Il a fait savoir à cet effet que la Banque centrale est en train d’accentuer les efforts pour éviter un dérapage du déficit commercial et ce, en incitant les banques, publiques et privées, à ne pas financer les importations et les encourager par conséquent à financer les PME.

Évoquant la situation du dinar tunisien, Chedly Ayari a tenu à préciser que sa perturbation n’est pas particulière et est liée à l’état de l’économie du pays, notamment le commerce, à la demande sur la devise pour financer le déficit commercial, les importations et les transactions commerciales. ” La devise dépend de plusieurs facteurs économiques, commerciaux et financiers qui marquent le pays dans une période bien précise“, a indiqué Chedly Ayari, avant d’ajouter que le déficit est financé par la devise qui à son tour ne viendra qu’à travers la reprise de l’importation et de l’investissement, facteurs déterminants de la reprise de la valeur du dinar, selon ses dires.

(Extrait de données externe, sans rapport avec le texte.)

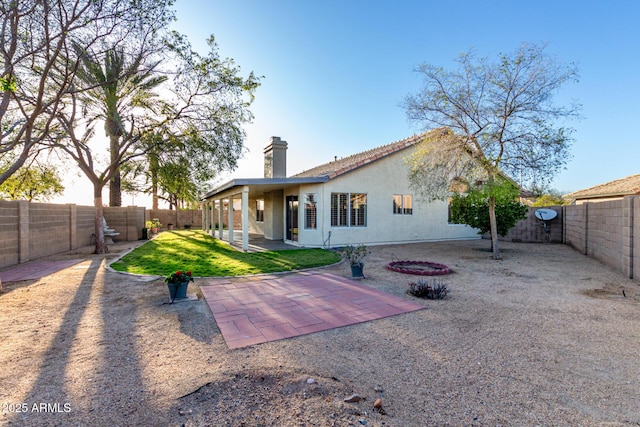 rear view of house with a patio area, stucco siding, a chimney, and a fenced backyard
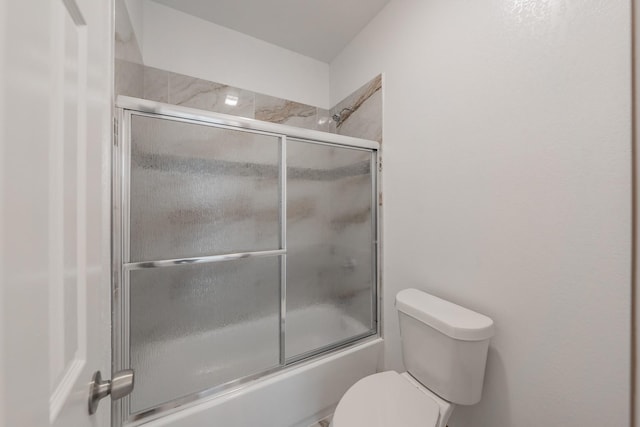 bathroom featuring toilet and shower / bath combination with glass door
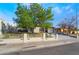 Charming single-story home featuring a well-manicured lawn and a quaint fence, complemented by a lush tree at 4258 E Twain Ave, Las Vegas, NV 89121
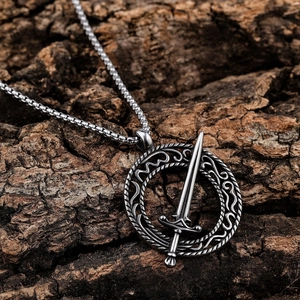 Vintage stainless steel sword and ring pendant necklace with Norse runes on bark backdrop
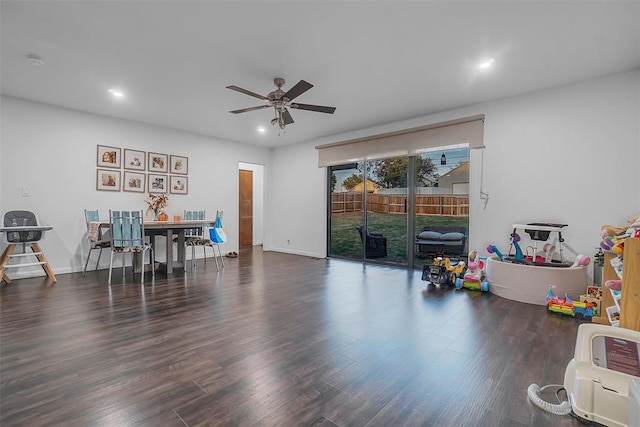 rec room with dark hardwood / wood-style flooring and ceiling fan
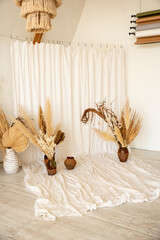 White canvas in a photo studio and an element of decor. Dried flowers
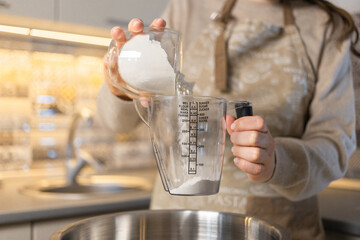 Girl, measuring flour with a measuring cup according to the recipe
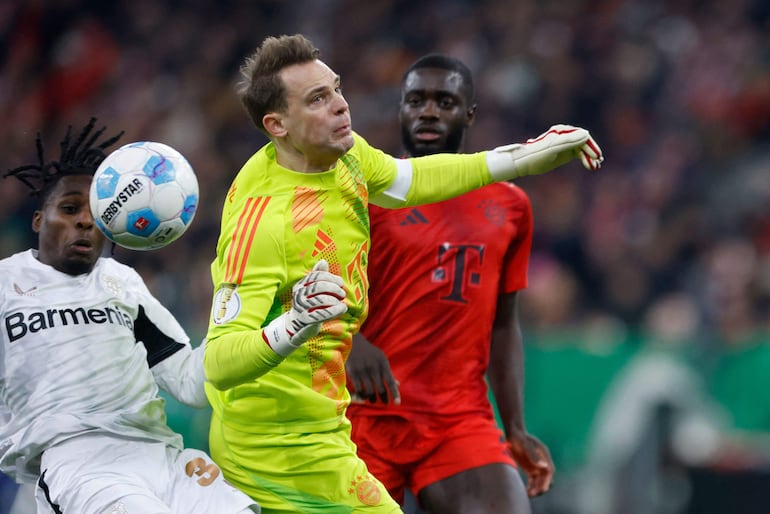 Bayern Munich's German goalkeeper #01 Manuel Neuer fouls Bayer Leverkusen's Dutch defender #30 Jeremie Frimpong during the German Cup (DFB Pokal) round of 16 football match FC Bayern Munich v Bayer Leverkusen in Munich, southern Germany, on December 3, 2024. (Photo by Michaela STACHE / AFP) / DFB REGULATIONS PROHIBIT ANY USE OF PHOTOGRAPHS AS IMAGE SEQUENCES AND QUASI-VIDEO.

Sans évoquer des chiffres, le gouverneur de la BCT a assuré que la dégradation du déficit commercial devient aujourd’hui plus importante, une des raisons ayant poussé la Banque centrale, selon ses dires, à prendre, en coordination avec le ministère du Commerce, un ensemble de mesures dont la plus importante est de rendre difficile l’octroi des autorisations relatives à l’importation de certains produits considérés non prioritaires.

Il a par ailleurs annoncé que la BCT se prépare à mettre en place un laboratoire de recherche dédié à l’étude de la technologie Blockchain, soulignant toutefois que ce projet n’est actuellement qu’une idée et que le travail se concentre actuellement sur l’étude de la faisabilité et des domaines d’intervention de cette technologie post-internet, selon ses déclarations.

Il a estimé que cette nouvelle technologie dépasse de loin la question de la monétique et permettra de réduire non seulement le coût mais aussi les délais d’attente.  “C’est une nouvelle dynamique technologique plus forte que l’internet“, a-t-il assuré.

Ayari a dans le même contexte indiqué que la BCT est invitée à organiser un sommet africain sur la Blockchain. “Nous allons discuter avec Paris Europlace la possibilité d’organiser en Tunisie, et pour la première fois en Afrique, un sommet africain sur la Blockchain“, a assuré Ayari, sans se prononcer sur la date de la tenue de ce Sommet.

Il a toutefois indiqué que malgré l’importance de cette technologie, la BCT vise à développer davantage les technologies modernes de la finance telles que le cashless, le e-commerce, le e-paiement : “Nous voulons nous concentrer sur les nouvelles techniques financiers“, a-t-il dit.